AAM Women Convene with Women of Steel

The women of AAM joined the United Steelworker (USW) Women of Steel for the 2010 World of Women International conference, held in Pittsburgh this week and coordinated by USW Women of Steel Director Ann Flener.

Over 1,000 women from several countries converged on the convention center for a three-day retreat to learn about workers’ rights, politics, trade and leadership.   While the majority of attendees were from the United Steelworkers in the United States and Canada, there were several women in attendance from the UK and Ireland representing Workers Uniting; from Mexico representing Los Mineros, and from Liberia representing  the forestry union and Liberian Labor Congress.

A memorable speaker on Monday was Napoleon Gomez and his wife Oralia, who joined by teleconference from Canada. The Los Mineros labor leader from Mexico has been living in exile in Canada for four years with his life being threatened by mining giant Grupo Mexico for working to address workplace and human rights in his home country.  Gomez explained, “this is not a story of science fiction. This is a story of real violations of labor and human rights.  We need to work together in solidarity and my friends the United Steelworkers understand solidarity.”

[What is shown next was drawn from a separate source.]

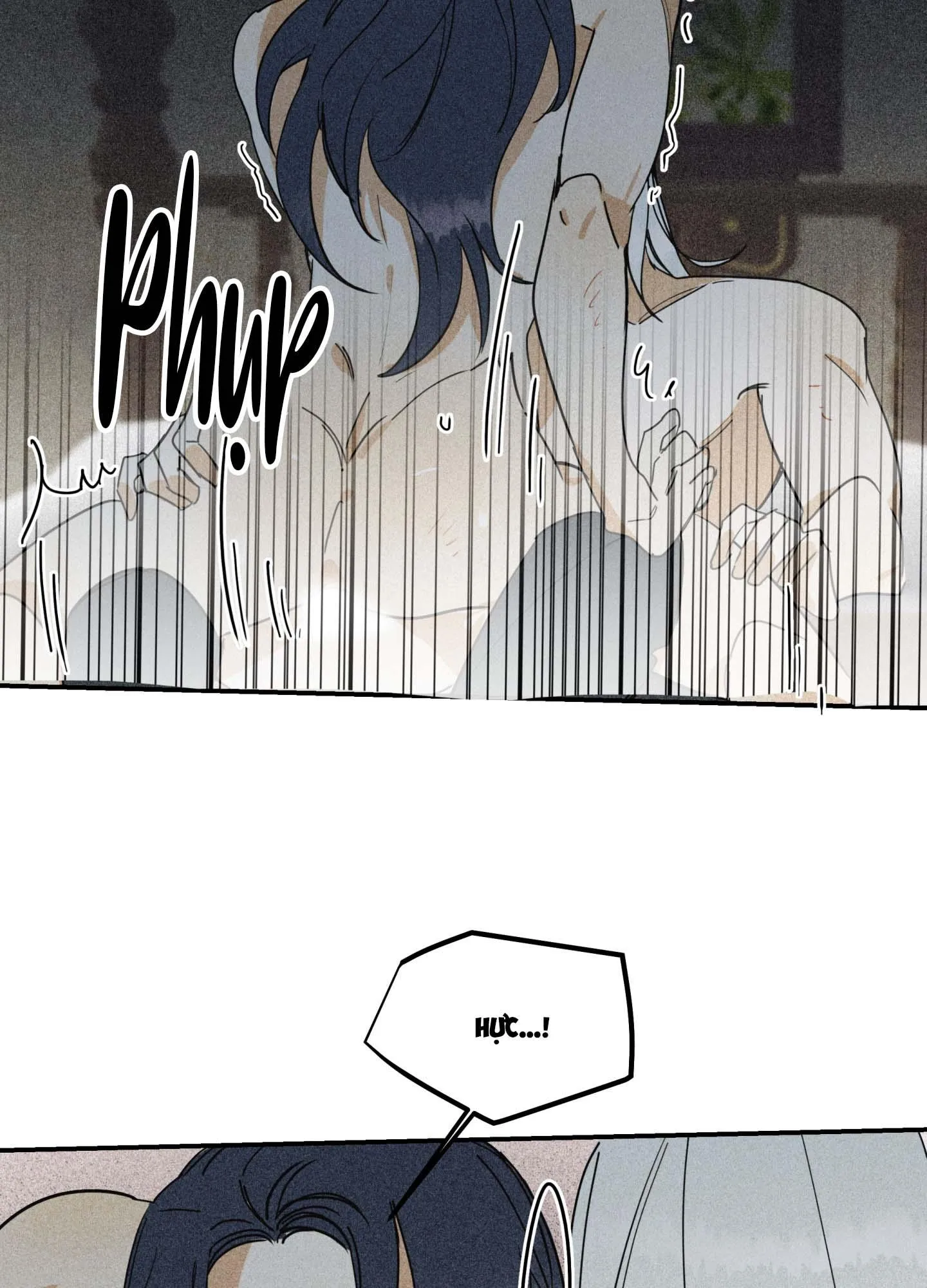 LIST TRUYỆN NGẮN CHỊT CHỊT Chapter 14 Trang 31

Canadian Steelworker Carol Landry, the first woman elected as international vice president in the USW, also spoke Monday, reassuring the group, primarily women, not to give up hope. “I have one message for you to take home: There is a place for women in our great union…and there is always a sister that needs you to reach back and bring her along.”

Monday ended with Speaker of the House Nancy Pelosi addressing the group and saluting the work Women of Steel committees do all over the country to reach out into communities.  Pelosi talked about the specifics of the health care bill in regards to women by explaining, “no longer will being a woman be considered a pre-existing condition.”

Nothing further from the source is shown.